To quote the Comic Book Guy, ‘loneliness and cheeseburgers are a dangerous mix’. Well, the same might be said of tape recorders and eight-tracks. Especially if you’re Ariel Marcus Rosenberg, AKA Ariel Pink. Ariel has spent the better part of the last fifteen years famously and obsessively compiling a seemingly endless catalogue of reconstituted pop, 60s surfer tunes, advertising jingles, stadium anthems and 80s cheese, integrating them all into a style that might be thought of as Prom Queen meets Horror Show.


But for every critic repulsed by the lo-fi imperfection and seeming amateurishness of Pink’s analogue recordings, another has recognised that the sheer mediocrity of the sound quality – and it is bad, at times almost unlistenably so – is as much of the point as is the mishmash of genre that makes up the songs themselves. Pink has chosen to scrape away the studio polish of disposable product, to expose a vehicle capable of bearing his wounded, abject voice.

“I cut my teeth early on sub-par equipment,” he tells me, with an almost audible shrug. “It wasn’t so much being attracted to the sound of shittiness per se … It was a means to an end. [It was about] making something sound good out of it, rather than blaming the lack of quality on the lack of gear.”

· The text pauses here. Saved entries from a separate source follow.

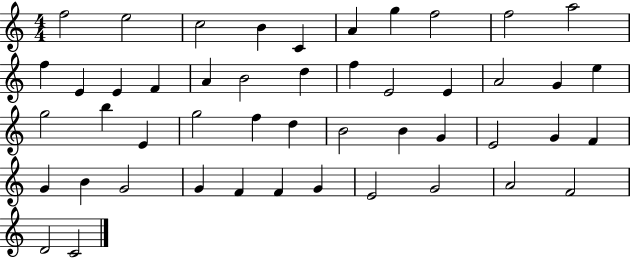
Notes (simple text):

F5/h E5/h C5/h B4/q C4/q A4/q G5/q F5/h F5/h A5/h F5/q E4/q E4/q F4/q A4/q B4/h D5/q F5/q E4/h E4/q A4/h G4/q E5/q G5/h B5/q E4/q G5/h F5/q D5/q B4/h B4/q G4/q E4/h G4/q F4/q G4/q B4/q G4/h G4/q F4/q F4/q G4/q E4/h G4/h A4/h F4/h D4/h C4/h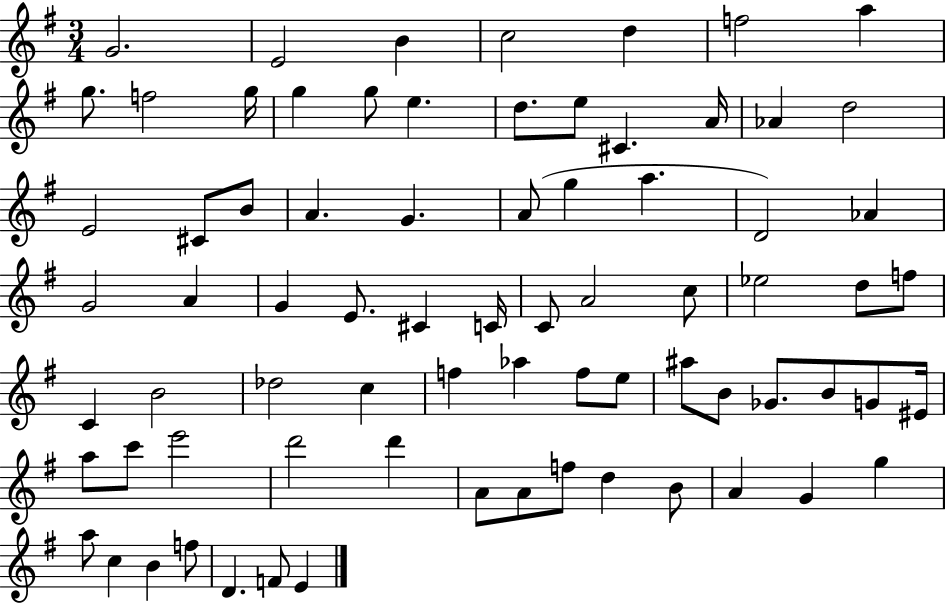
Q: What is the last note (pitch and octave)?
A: E4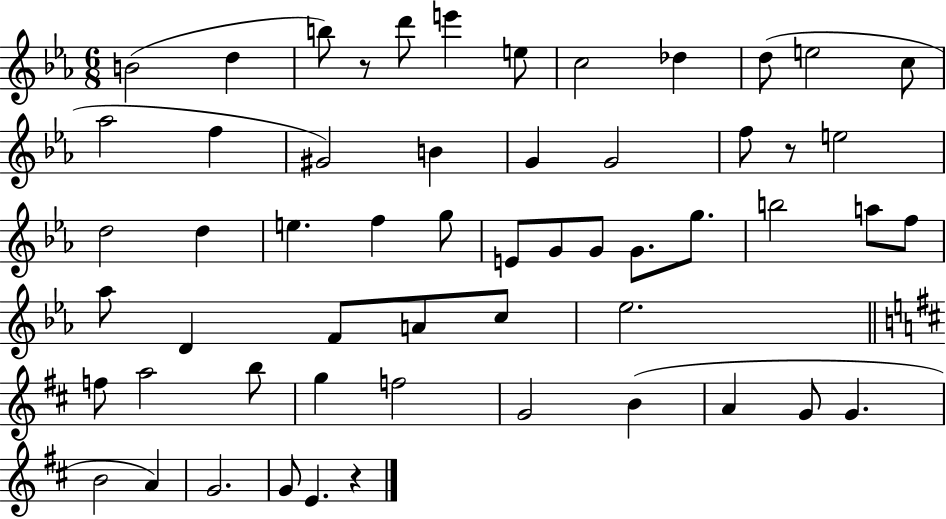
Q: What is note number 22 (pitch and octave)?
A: E5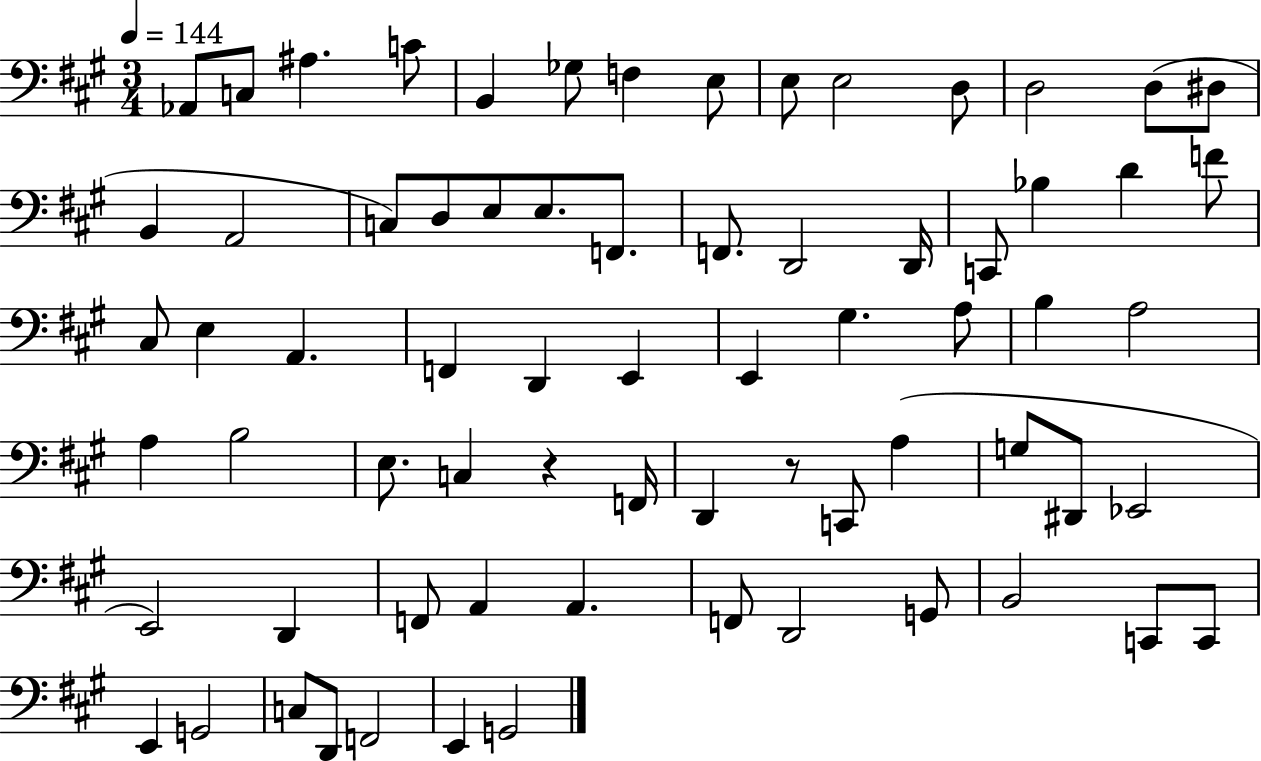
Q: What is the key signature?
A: A major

The outsider mystique that grew up around his wretched loner shtick, as well as the undeniable quality of the songs, yielded paydirt eventually. A union with Animal Collective’s Paw Tracks back in 2004 resulted in the release of selected material that had previously only existed on CD-Rs. Subsequent releases such as The Doldrums (2004) or Scared Famous (2007) have simply mined the back-catalogue however, the music carrying no sense of growth or progression. Rather, it expresses a bizarre time-warped sense of stasis, as well as a loneliness so hyper-aware of itself that its bruised misery is immediately erased by the self-reflexive piss-taking that’s present in its very articulation.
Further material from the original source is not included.